### [Recorded data]
====

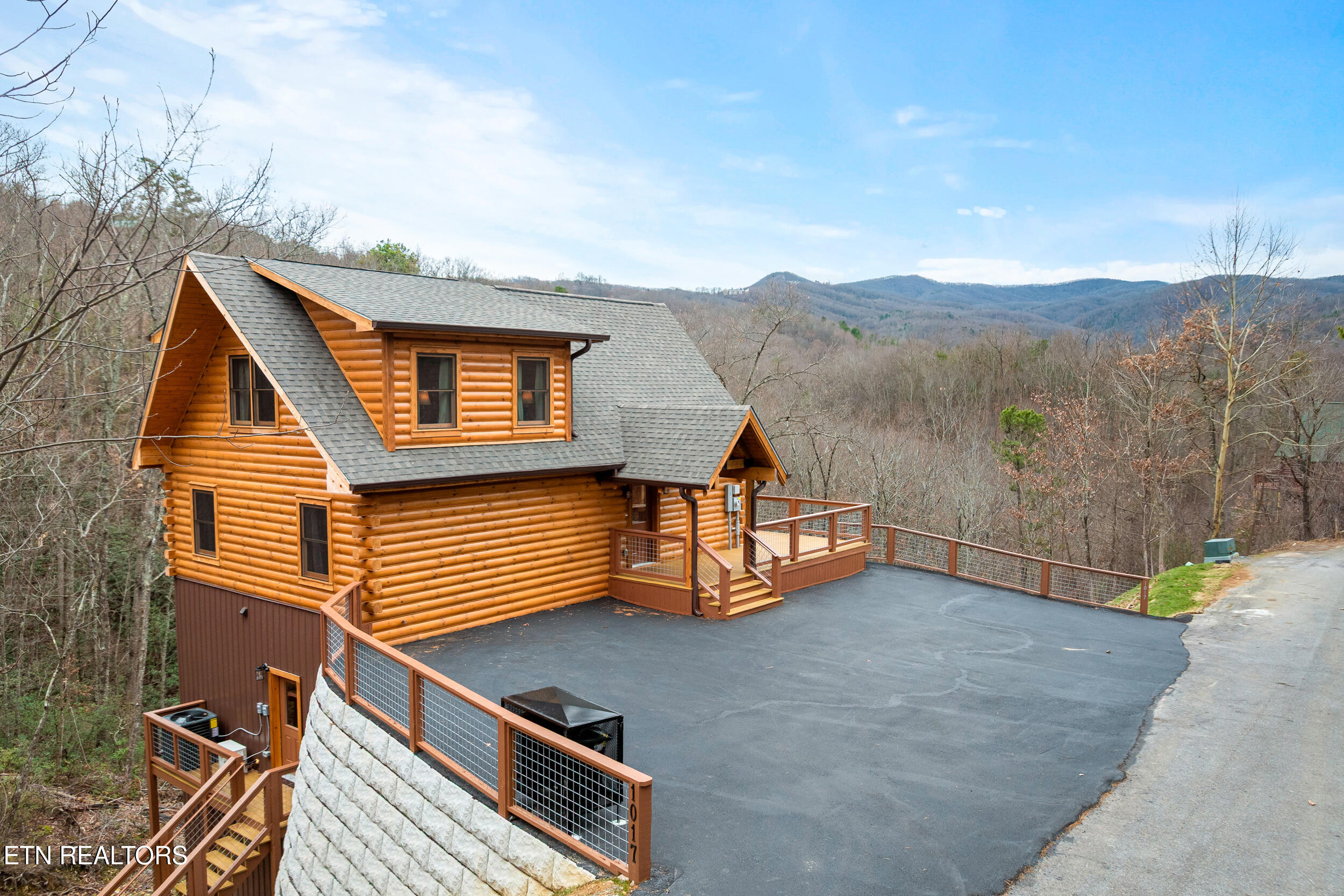 1017 Street Of Dreams Gatlinburg TN 37738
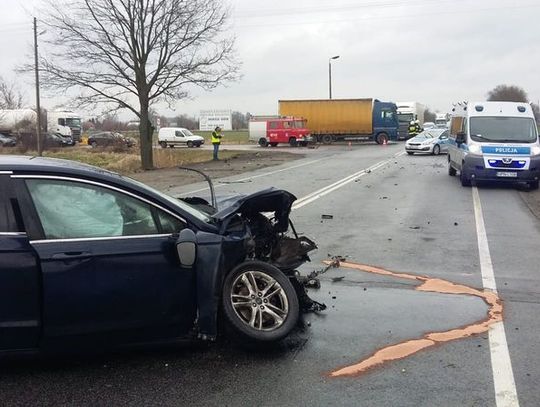 Wypadek na DK22. Dwie osoby ranne.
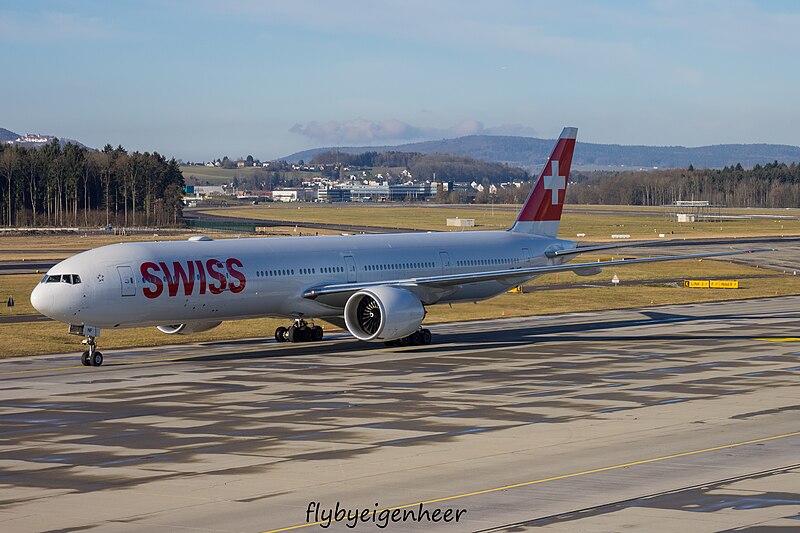 File:HB-JNF Boeing B777-3DE-ER B77W - SWR (31580185920).jpg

====

### [Your assignment]
The whole listing should be transcribed exactly, though its pictures must be left out.

### [Result]
 1017 Street Of Dreams Gatlinburg TN 37738
 Wypadek na DK22. Dwie osoby ranne.
 File:HB-JNF Boeing B777-3DE-ER B77W - SWR (31580185920).jpg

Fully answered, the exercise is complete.